[DGD]parse_string

[Par Winzell]

 > I wanna do some simple string replacements using regexp, but can't see an
 > easy way of doing it.  It looks like the parse_string() kfun will be able
 > to do it, if I could only work out what the hell the parse_string function
 > actually does.

Yes, parse_string()'s functionality easily encompasses (and exceeds)
regexp parsing. You feed it a grammar and the string to be parsed and
it tries to deconstruct the latter using the rules of the former.

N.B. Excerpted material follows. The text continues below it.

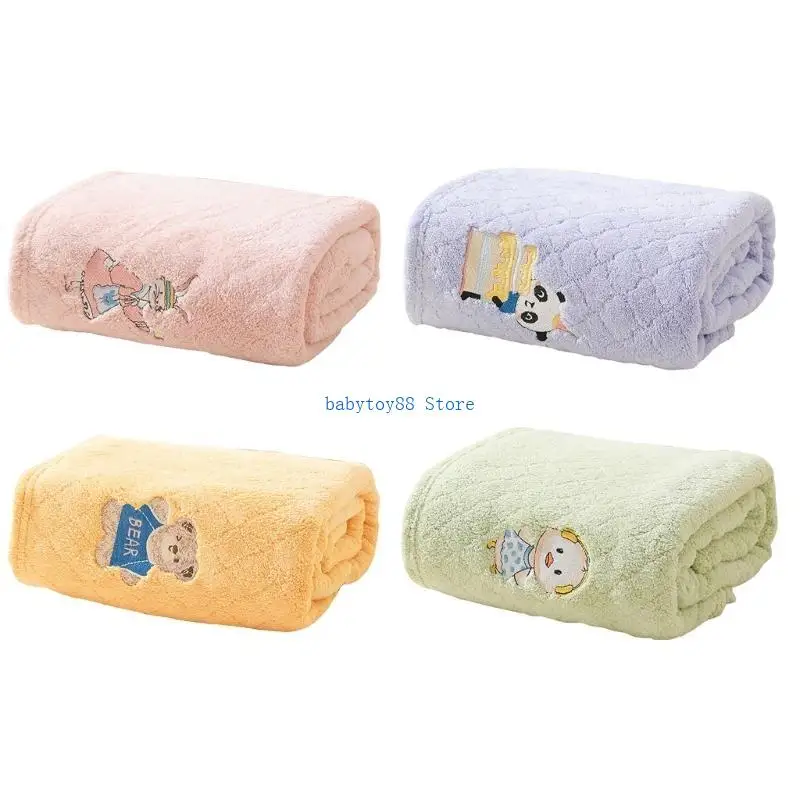 Toalla baño recién nacido y4ud toalla gentil y cómoda vellón coral para niñas chicas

It is a very generic mechanism that takes some getting used to, and
the reason it is presented in the documentation without examples and
such is probably that any decent computer science graduate will have
taken at least one course where he is forced to soak his mind in the
details of context-free parsing.

Here is a very simple grammar:

	whitespace = /[ ]+/
	colour = /blue/
	colour = /red/
	noun = /[a-zA-Z]+/

	Nonsense: colour noun
	Nonsense: Nonsense 'and' colour noun


The parsing does two things: first it chops the string into 'tokens',
and you instruct it precisely how to do that using the first bunch of
lines (in regexp format); spaces become whitespace, 'blue' and 'red'
are immediately dubbed 'colour', and any other string of letters is
a noun.

Tokenization is fundamentally a simple process (though parse_string()
does it in tricky ways) -- it eats input character by character in a
straight-forward manner and sorts the input into well-defined buckets.

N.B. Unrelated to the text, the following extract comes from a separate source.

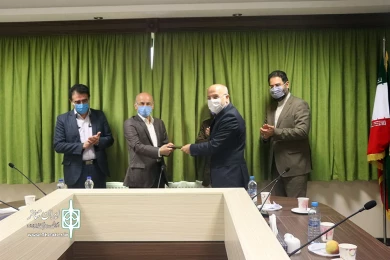 مراسم معارفه مدیرعامل انجمن هنرهای نمایشی ایران مراسم تودیع حمید نیلی و معارفه رضا بصیرت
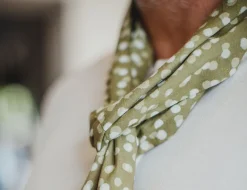 Green Dot Organic Japanese Scarf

If we send in the string 'blue yellow dog cat' it is categorized as

	blue:	colour
	<space>	whitespace
	yellow:	colour
	<space>	whitespace
	dog:	noun
	<space>	whitespace
	cat:	noun
	<space>	whitespace

The true glory of parse_string() is in the second process, guided by
the latter lines in the grammar. These lines specify what constitutes
a valid input string and what doesn't. If we just had one line,

	Nonsense: colour noun

then the only valid input strings would be

	blue dog
	blue cat
	yellow wombat

etc, etc. But, the second rule as you see is self-referential, which
is the source of the complexity. A valid input string is also defined
as any valid input string followed by 'and', colour, noun.

So if

	blue dog

is valid,

	blue dog and yellow cat

is also valid. Thus

	blue dog and yellow cat and green rocket

is also. To prove that it actually works,

> code parse_string("whitespace = /[ \n\r]+/\ncolour = /red/\ncolour = /blue/\n noun = /[a-zA-Z]+/\nFoo: Foo 'and' colour noun\nFoo: colour noun\n", "blue frog and red dog")
$53 = ({ "blue", "frog", "and", "red", "dog" })

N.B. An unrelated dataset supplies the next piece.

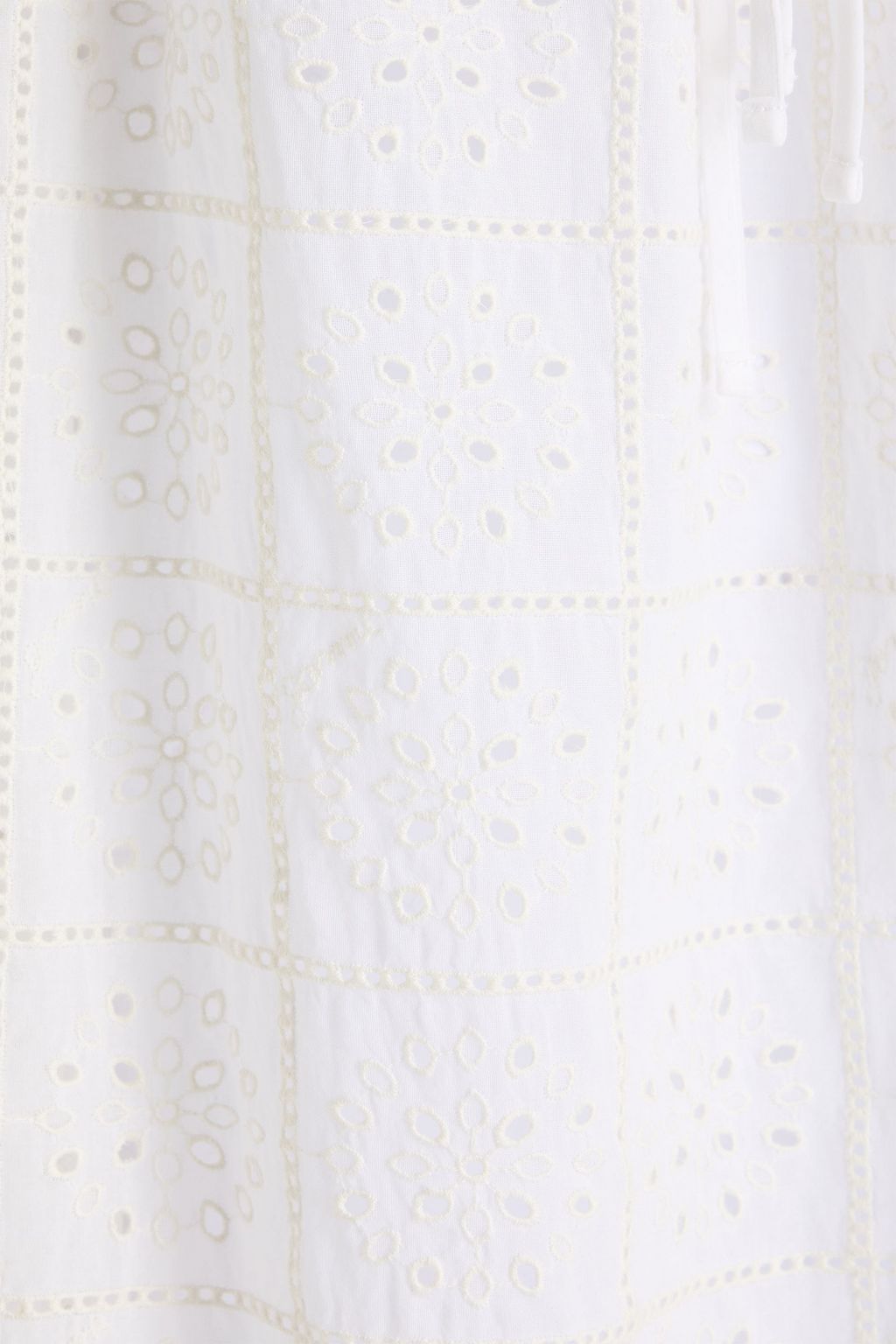 GANNI コットン カバーアップ ラッフル付き イギリス刺繍入り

> code parse_string("whitespace = /[ \n\r]+/\ncolour = /red/\ncolour = /blue/\n noun = /[a-zA-Z]+/\nFoo: Foo 'and' colour noun\nFoo: colour noun\n", "blue frog red dog")
$54 = nil


So you see, parse_string() returns nil when the input string doesn't
match the parsing rules. 'blue frog red dog' is not valid because two
parts must be conjoined with an 'and' inbetween.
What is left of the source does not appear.